───── Data ─────
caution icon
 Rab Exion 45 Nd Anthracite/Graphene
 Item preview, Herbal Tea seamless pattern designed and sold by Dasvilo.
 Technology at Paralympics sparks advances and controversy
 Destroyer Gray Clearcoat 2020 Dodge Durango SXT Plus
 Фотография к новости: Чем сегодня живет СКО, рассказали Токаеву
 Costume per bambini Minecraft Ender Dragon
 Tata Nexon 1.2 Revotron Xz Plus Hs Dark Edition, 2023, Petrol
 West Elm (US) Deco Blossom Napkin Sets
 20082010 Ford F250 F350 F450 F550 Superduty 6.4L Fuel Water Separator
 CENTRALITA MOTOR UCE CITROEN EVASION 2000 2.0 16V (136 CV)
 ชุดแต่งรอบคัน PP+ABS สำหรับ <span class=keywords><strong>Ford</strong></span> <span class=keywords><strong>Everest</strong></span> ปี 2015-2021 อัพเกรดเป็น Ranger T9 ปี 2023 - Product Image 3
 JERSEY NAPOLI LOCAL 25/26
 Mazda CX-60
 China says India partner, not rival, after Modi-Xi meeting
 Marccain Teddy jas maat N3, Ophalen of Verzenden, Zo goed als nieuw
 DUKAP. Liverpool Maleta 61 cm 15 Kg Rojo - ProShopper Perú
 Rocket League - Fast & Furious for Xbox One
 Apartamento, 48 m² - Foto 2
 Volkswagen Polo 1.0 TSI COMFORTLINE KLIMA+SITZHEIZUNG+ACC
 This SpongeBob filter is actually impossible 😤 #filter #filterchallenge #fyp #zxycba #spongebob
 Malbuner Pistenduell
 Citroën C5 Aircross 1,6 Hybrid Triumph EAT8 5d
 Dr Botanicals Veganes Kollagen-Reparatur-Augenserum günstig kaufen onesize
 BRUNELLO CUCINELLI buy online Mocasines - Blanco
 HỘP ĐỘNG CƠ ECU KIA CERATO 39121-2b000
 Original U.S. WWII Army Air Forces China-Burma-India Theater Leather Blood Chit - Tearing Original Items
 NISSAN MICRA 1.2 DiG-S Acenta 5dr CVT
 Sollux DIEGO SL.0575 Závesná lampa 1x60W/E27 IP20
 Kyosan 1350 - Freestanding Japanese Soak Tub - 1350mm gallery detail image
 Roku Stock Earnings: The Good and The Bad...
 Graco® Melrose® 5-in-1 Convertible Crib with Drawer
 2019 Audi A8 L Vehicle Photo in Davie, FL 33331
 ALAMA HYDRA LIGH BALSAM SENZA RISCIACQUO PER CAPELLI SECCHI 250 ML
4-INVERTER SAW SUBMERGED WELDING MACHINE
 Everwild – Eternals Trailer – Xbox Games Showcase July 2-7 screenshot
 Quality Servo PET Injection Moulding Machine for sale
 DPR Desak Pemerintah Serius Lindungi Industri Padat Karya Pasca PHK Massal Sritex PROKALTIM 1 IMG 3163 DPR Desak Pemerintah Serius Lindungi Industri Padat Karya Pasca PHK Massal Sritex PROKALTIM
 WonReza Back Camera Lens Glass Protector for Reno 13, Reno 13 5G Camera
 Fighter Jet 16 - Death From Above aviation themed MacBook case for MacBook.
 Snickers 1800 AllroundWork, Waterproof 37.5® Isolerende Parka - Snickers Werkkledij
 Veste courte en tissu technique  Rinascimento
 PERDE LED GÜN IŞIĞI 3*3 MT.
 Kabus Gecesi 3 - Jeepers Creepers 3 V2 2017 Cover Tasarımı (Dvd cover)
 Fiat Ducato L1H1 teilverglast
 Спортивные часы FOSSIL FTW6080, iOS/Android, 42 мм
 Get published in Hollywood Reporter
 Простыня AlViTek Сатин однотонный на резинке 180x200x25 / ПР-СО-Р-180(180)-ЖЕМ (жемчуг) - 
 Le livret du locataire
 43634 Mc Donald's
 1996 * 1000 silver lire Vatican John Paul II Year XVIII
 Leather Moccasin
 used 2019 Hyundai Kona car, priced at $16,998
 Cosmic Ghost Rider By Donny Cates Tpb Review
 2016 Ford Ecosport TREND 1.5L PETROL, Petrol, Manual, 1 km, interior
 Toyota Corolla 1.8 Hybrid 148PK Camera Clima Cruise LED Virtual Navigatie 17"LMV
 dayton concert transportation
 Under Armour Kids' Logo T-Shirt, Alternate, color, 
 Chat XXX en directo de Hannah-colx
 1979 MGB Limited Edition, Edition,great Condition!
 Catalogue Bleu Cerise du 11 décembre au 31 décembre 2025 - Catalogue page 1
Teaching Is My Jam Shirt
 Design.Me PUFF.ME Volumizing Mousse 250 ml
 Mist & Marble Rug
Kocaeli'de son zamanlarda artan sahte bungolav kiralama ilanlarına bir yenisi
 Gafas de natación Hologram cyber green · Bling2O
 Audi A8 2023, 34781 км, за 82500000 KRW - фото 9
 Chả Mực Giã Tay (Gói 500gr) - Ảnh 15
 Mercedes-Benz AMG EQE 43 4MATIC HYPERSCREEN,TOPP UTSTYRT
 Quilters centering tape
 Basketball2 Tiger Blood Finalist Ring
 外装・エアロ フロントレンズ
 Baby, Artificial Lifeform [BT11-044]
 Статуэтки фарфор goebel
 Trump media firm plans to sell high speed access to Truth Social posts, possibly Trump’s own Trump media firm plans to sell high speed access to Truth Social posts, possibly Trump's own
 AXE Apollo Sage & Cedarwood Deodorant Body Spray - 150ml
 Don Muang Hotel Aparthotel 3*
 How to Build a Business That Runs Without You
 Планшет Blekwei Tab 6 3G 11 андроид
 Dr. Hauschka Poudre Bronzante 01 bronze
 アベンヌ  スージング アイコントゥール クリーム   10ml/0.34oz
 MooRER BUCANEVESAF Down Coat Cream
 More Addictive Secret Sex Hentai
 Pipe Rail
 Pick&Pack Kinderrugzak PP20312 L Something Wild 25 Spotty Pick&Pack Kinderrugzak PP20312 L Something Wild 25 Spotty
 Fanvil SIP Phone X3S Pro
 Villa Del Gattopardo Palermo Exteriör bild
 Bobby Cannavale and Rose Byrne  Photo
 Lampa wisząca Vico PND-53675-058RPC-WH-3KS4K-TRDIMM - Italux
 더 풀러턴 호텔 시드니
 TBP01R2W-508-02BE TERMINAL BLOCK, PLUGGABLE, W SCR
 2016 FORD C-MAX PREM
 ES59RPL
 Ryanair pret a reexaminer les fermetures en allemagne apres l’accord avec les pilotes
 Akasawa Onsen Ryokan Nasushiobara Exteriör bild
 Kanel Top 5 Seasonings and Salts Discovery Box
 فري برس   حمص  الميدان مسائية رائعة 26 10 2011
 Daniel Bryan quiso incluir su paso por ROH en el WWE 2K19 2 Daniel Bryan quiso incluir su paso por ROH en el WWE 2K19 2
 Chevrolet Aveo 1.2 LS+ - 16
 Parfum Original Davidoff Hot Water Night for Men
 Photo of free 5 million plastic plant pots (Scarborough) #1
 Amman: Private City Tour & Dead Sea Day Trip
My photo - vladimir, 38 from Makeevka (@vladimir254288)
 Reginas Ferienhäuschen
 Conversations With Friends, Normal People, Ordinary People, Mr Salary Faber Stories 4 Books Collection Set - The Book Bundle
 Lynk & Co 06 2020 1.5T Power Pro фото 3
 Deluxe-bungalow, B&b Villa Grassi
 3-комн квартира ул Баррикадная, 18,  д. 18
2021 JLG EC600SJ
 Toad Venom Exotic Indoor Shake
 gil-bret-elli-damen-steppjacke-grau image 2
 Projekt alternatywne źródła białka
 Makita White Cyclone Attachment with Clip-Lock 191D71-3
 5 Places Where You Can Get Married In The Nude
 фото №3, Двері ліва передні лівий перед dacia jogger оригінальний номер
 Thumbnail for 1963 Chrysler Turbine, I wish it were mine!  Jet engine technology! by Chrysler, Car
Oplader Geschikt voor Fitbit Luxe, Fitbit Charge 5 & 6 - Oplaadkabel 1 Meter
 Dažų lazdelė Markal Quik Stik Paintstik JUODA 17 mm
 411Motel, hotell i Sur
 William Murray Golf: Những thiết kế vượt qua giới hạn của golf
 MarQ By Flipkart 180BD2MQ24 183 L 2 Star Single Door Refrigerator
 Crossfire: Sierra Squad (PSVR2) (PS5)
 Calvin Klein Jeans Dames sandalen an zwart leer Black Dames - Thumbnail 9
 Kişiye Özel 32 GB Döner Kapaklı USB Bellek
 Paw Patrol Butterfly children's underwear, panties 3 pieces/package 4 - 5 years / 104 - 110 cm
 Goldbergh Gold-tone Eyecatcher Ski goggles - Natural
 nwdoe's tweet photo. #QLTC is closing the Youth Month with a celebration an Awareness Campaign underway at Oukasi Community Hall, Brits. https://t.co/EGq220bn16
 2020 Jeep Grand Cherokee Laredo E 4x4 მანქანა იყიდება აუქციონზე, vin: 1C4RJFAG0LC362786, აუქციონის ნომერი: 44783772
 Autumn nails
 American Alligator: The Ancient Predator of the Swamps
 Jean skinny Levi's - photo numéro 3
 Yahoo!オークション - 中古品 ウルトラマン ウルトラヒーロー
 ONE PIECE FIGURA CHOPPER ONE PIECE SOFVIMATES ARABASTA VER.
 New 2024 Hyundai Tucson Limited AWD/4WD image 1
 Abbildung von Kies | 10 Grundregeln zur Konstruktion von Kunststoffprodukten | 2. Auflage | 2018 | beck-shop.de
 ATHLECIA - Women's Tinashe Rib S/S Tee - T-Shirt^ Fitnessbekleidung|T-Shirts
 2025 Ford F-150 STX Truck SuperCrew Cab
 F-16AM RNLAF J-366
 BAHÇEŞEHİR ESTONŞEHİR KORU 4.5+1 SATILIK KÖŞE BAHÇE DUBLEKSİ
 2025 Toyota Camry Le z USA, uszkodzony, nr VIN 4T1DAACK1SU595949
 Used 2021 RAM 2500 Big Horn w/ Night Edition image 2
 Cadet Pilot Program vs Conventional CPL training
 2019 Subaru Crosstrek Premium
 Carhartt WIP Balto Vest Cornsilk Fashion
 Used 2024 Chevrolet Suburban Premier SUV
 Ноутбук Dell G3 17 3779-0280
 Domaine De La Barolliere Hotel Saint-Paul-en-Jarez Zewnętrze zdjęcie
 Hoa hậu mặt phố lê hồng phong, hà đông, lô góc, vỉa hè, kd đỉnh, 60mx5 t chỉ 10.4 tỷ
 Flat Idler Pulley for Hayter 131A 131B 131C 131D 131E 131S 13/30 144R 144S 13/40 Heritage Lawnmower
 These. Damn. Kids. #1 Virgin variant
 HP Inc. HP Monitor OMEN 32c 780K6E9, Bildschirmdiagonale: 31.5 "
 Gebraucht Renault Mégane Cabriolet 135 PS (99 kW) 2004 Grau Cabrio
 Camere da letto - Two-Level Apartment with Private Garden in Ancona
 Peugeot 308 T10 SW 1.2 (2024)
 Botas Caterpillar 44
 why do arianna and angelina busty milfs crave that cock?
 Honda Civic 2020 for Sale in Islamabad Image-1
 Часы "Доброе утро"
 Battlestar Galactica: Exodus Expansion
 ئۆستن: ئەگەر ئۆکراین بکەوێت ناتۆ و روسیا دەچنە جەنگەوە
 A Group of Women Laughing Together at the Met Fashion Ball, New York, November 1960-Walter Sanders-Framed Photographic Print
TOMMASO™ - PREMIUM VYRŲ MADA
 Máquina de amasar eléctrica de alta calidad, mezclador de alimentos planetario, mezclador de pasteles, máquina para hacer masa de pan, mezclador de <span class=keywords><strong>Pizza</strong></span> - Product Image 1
─────
Instructions for the task: Transcribe, exactly and without additions, the lines of the records above, beginning with the line that contains "Everwild – Eternals" and ending with the line that contains "Mist & Marble Rug", both included.

Solution for this problem:
 Everwild – Eternals Trailer – Xbox Games Showcase July 2-7 screenshot
 Quality Servo PET Injection Moulding Machine for sale
 DPR Desak Pemerintah Serius Lindungi Industri Padat Karya Pasca PHK Massal Sritex PROKALTIM 1 IMG 3163 DPR Desak Pemerintah Serius Lindungi Industri Padat Karya Pasca PHK Massal Sritex PROKALTIM
 WonReza Back Camera Lens Glass Protector for Reno 13, Reno 13 5G Camera
 Fighter Jet 16 - Death From Above aviation themed MacBook case for MacBook.
 Snickers 1800 AllroundWork, Waterproof 37.5® Isolerende Parka - Snickers Werkkledij
 Veste courte en tissu technique  Rinascimento
 PERDE LED GÜN IŞIĞI 3*3 MT.
 Kabus Gecesi 3 - Jeepers Creepers 3 V2 2017 Cover Tasarımı (Dvd cover)
 Fiat Ducato L1H1 teilverglast
 Спортивные часы FOSSIL FTW6080, iOS/Android, 42 мм
 Get published in Hollywood Reporter
 Простыня AlViTek Сатин однотонный на резинке 180x200x25 / ПР-СО-Р-180(180)-ЖЕМ (жемчуг) - 
 Le livret du locataire
 43634 Mc Donald's
 1996 * 1000 silver lire Vatican John Paul II Year XVIII
 Leather Moccasin
 used 2019 Hyundai Kona car, priced at $16,998
 Cosmic Ghost Rider By Donny Cates Tpb Review
 2016 Ford Ecosport TREND 1.5L PETROL, Petrol, Manual, 1 km, interior
 Toyota Corolla 1.8 Hybrid 148PK Camera Clima Cruise LED Virtual Navigatie 17"LMV
 dayton concert transportation
 Under Armour Kids' Logo T-Shirt, Alternate, color, 
 Chat XXX en directo de Hannah-colx
 1979 MGB Limited Edition, Edition,great Condition!
 Catalogue Bleu Cerise du 11 décembre au 31 décembre 2025 - Catalogue page 1
Teaching Is My Jam Shirt
 Design.Me PUFF.ME Volumizing Mousse 250 ml
 Mist & Marble Rug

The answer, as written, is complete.